I wanted to update an audit and test it. The audit was user defined and involved joins to other models within the project, some of which had also been modified.
- The model reference was only replaced for the physical table that referenced the audit when using my environment. Other models were not substituted and therefor used the promoted views and the audit failed to run because of it.
- I couldn't run audits from the CLI for a particular environment as it isn't an argument or option.
The model reference was only replaced for the physical table that referenced the audit when using my environment. Other models were not substituted and therefor used the promoted views and the audit failed to run because of it.
One way to achieve this is to explicitly enumerate dependencies of your model in the depends_on attribute of the model definition.

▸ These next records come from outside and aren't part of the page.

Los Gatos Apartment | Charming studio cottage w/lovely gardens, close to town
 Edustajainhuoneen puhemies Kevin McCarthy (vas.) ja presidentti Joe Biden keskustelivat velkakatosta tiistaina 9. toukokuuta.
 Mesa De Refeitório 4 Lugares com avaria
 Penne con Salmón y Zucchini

This way all references will be resolved correctly
Ahh what it looks like I can do is set it to be a standalone audit and then I can set depends_on within the audit.
It looks like this functionality is currently undocumented.
This will be an acceptable workaround for my audit as it will be non-blocking in any case. But I assume that if I ever wanted this to be blocking then it would be problematic again.
it would be problematic again.
Why though? Didn't setting the depends_on on the model for which the audit runs help?
The audit is applied to a more raw (bronze) source of data (not quite an external model) but within the audit I put some joins to refined (silver/gold) data sources that are populated later in the DAG. Those joins are not necessary for modelling the raw data but are relevant for excluding some records from the audit.
My current workaround is to create a view to apply the logic that the audit is then reference in. But the view is then another asset that needs maintaining. I can give more context in Slack but I think this is as distilled as I can get here.